As a feminist who likes porn, I often feel like a bit of an outsider in the feminist blogosphere. When I say I like porn, I don’t mean that I tolerate it or that I don’t believe it should be censored. I watch, and read, a significant amount of porn. I’ve written porn. I once wrote a thirty-page paper on eighteenth-century porn. I really, really, genuinely enjoy pornography. Which isn’t to say I like all of it, of course. That would be ridiculous, since a) pornography is a huge, diverse and hugely inconsistent genre, and b) most of it is terrible, and a lot of it is horribly misogynistic.

But neither of those characteristics – poor quality and gross misogyny – is inherent or necessary. Porn is defined simply by explicit depictions of sexual activity, and no one could legitimately argue that sex itself is demeaning to women.
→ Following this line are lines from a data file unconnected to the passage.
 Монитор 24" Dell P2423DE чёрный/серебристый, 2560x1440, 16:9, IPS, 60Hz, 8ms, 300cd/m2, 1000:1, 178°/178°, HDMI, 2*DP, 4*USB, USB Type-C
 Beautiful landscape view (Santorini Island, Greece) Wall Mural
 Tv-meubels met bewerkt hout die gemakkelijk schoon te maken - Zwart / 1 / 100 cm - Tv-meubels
Porn, like all other forms of media, exists within a capitalistic and patriarchal culture; unfortunately, this means that the vast majority of it will be produced purely for profit, with no consideration for either quality, tastefulness or social justice. The problem is patriarchy, not pornography, and the solution to bad porn is good porn, not no porn at all.
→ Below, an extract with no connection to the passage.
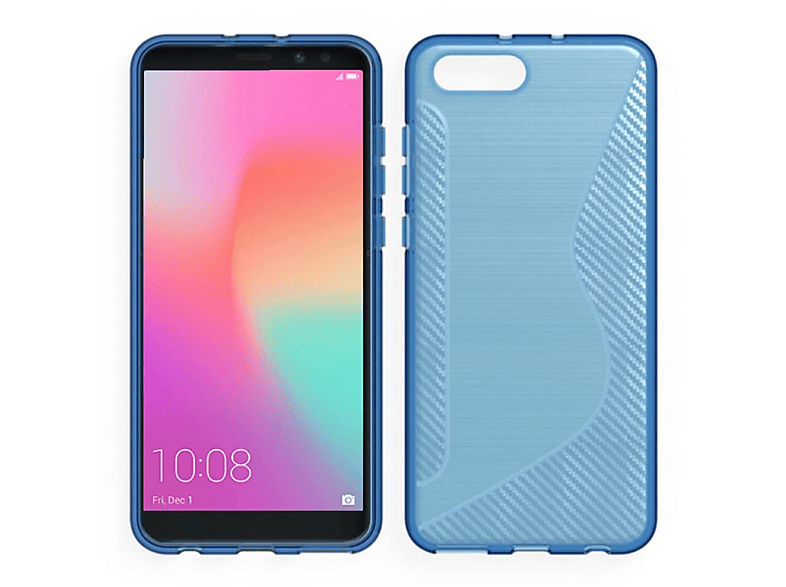 Huawei, 10, View Backcover, Blau, - S-Line Multicolor CASEONLINE Honor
All media has the potential to perpetuate stereotypes and oppression – in fact, most of it does. No one is immune to culture, particularly culture spread through mass media. But porn isn’t special. It reinforces sexist norms and gives people unrealistic ideas about sex and relationships because, in the age of television and the internet, pretty much all media does that. Chuck Klosterman made this argument in Sex, Drugs and Cocoa Puffs: when we model our real-life experiences on those we see in fiction, life becomes an imitation of an (artificial, incredibly skewed) imitation. This is a problem, and porn is part of the problem – but so are sitcoms, and I don’t see anyone arguing that we should do away with those.

We need to acknowledge the difference between reality and fiction. We need to provide kids with adequate sex education, so they don’t have to get it from Slut School 3. We need to give help to people who suffer from porn addiction, just like we should help people with any other addiction. But most of all, we need good feminist porn.
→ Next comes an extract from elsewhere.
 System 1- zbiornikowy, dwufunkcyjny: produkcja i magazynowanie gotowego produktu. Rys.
Porn doesn’t have to be sexist! It doesn’t even have to cater exclusively to the male gaze! Pornography in previous centuries was actually comparatively woman-positive: the earliest pornographic texts, while they were still largely created by and for men, were almost always centred exclusively around woman. The most common format was that of a dialogue in which an older, more experienced woman recounted her sexual history to a younger, naive one. Thérèse philosophe, the most well-known pornographic novel of the eighteenth century, was the story of a young woman who discovers sex (and philosophy!) through masturbation. These books weren’t great literature, but the women in them had agency. Sex for them was empowering and fun, just as it should be in real life.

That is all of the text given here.